Cluster Topologies¶
What’s in this document?
The main factors for choosing a particular cluster topology are the requirements for targeted service availability, the number of concurrent reads, and the need for an off-site hot backup. The GraphDB cluster offers good flexibility in configuring different scenarios. We recommend starting from one of the three core topologies.
Tip
Use the ClientAPIs instead of the default client API from RDF4J. It allows handling the failures in a much better way - retry on a next master, retry on failure with a delay, automatically switch to a secondary master, and control the cluster’s consistency model per query.
Recommended topologies¶
The following recommended topologies guarantee availability even in case of failures in the cluster:
Single master with three or more workers¶
Single master with three or more workers is the simplest cluster topology, optimized for setups with low latency between the individual workers. Since there is only one master (i.e., single point of failure), often the topology is implemented in a public cloud provider with automatic provisioning. If the master node becomes unresponsive or dies, the cloud infrastructure may stop the machine and mount the master’s file system to another instance and respawn it.
Pros:
The simplest topology to manage with a single master;
Guarantees linear scalability of the reads by adding additional workers;
Automatic failover and cluster recovery if a worker dies.
Cons:
Master1 is a single point of failure and requires infrastructure for automatic new instance provisioning;
Optimized for a single data center.
Two masters sharing workers, one of the masters is read-only¶
The topology is an extension of the single master with multiple workers. It adds a secondary read-only master, which eliminates the need for the use of a cloud infrastructure with an automatic new instance provisioning or low service availability. In this topology, the masters will exchange their transaction log before writing any data to the worker nodes. We highly recommend the use of ClientAPIs or smart proxy to ensure automatic failover for the writes.
Pros:
In case of primary master failure, the other master serves the read queries. It is also possible to manually switch the second master as primary;
Requires fewer database instances than two masters with dedicated workers;
Rolling upgrade is possible with no downtime for both reads and writes.
Cons:
No automatic leader promotion for writes - there is a manual procedure;
No remote data center for disaster recovery purposes.
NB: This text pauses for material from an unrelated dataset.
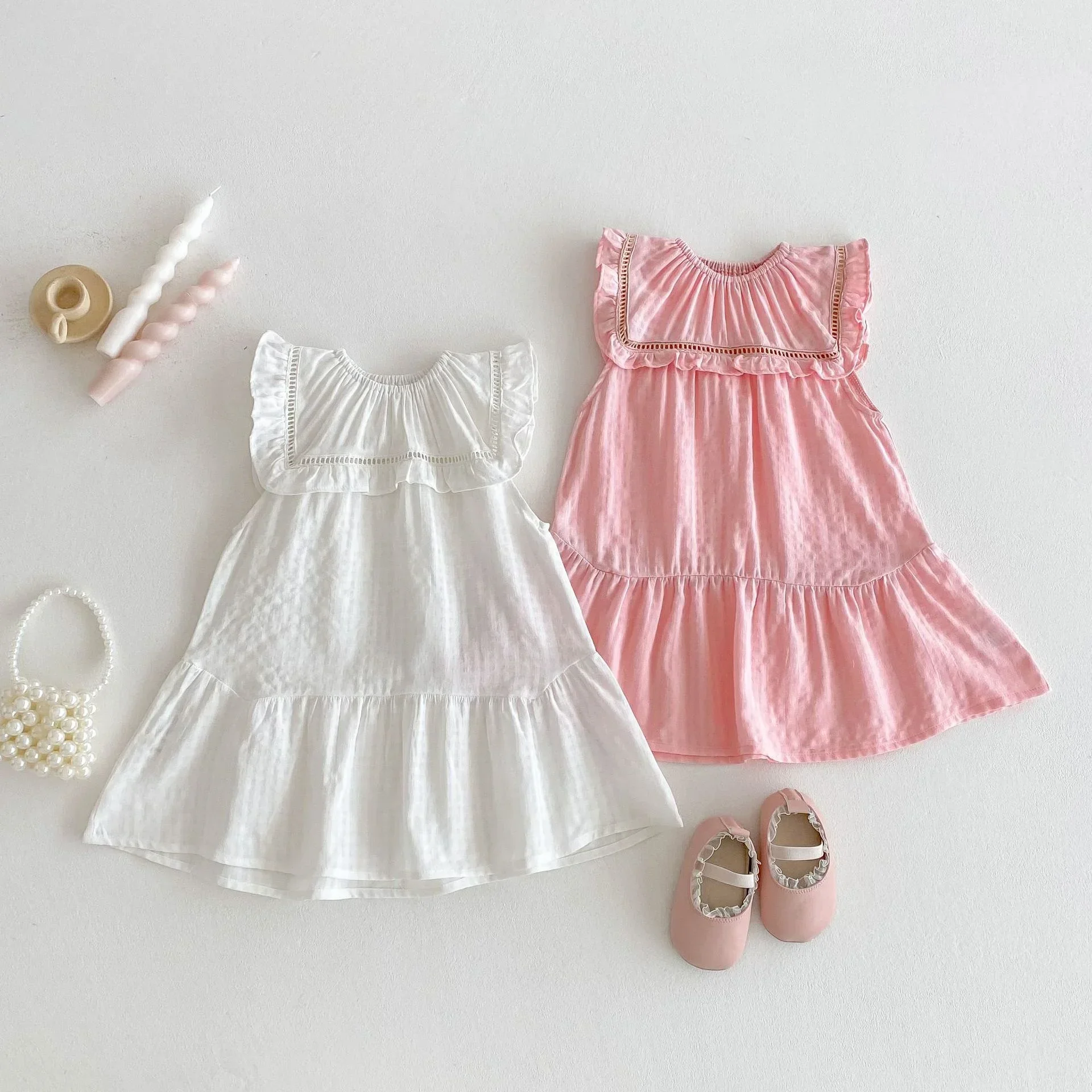 

2025 New Summer Korean Style Ins Girls' Dress - Cute Fashionable 95% Cotton Solid Color Dress with Ruffled Sleeves & Lace
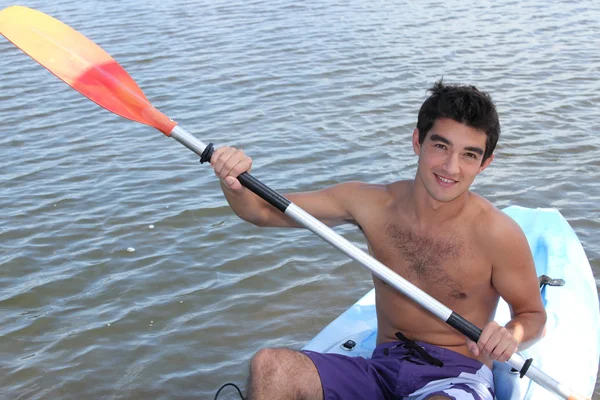 Jeune garçon kayak — Photo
See Setting up a cluster two masters with shared workers one is read-only.
Multiple masters with dedicated workers¶
Multiple masters with dedicated workers is an optimized topology for data centers located in different regions, which may experience network delays and temporary package drops. A single master is primary and all other masters are muted. The primary master is the only node to accept writes, and it synchronizes the transaction log with the other masters asynchronously. The asynchronous transaction log replication optimizes the write speed by eliminating all delays caused by network latency. During normal operation, all remote masters should lag by no more than a few latest transactions. In a case of a primary master or data center failure, one of the muted masters may take over its role after manually switching its flag from muted to normal.
Pros:
Multi-data center failover;
Low latency of the updates with asynchronous transaction log synchronizations.
Cons:
No automatic leader promotion for writes - there is a manual procedure;
High hardware costs compared to the other topologies.
Not recommended topologies for a production system¶
The following topologies are possible, but not recommended for a production system because they cannot guarantee high availability. In the event of a node failure or restart, the cluster may reject read or write operations.
Master with a single worker¶
The setup is suitable only for testing purposes. During a backup operation, the cluster will remain in read-only state. There is no redundancy of any of the cluster nodes, which increases the chances of a failure without adding any value.
Master with two workers¶
Although two redundant workers exist, the cluster topology prevents:
Performing a backup if one of the workers dies without temporarily losing the write operations;
Recovering the cluster by joining a new worker after an existing worker dies without temporarily losing the write operations.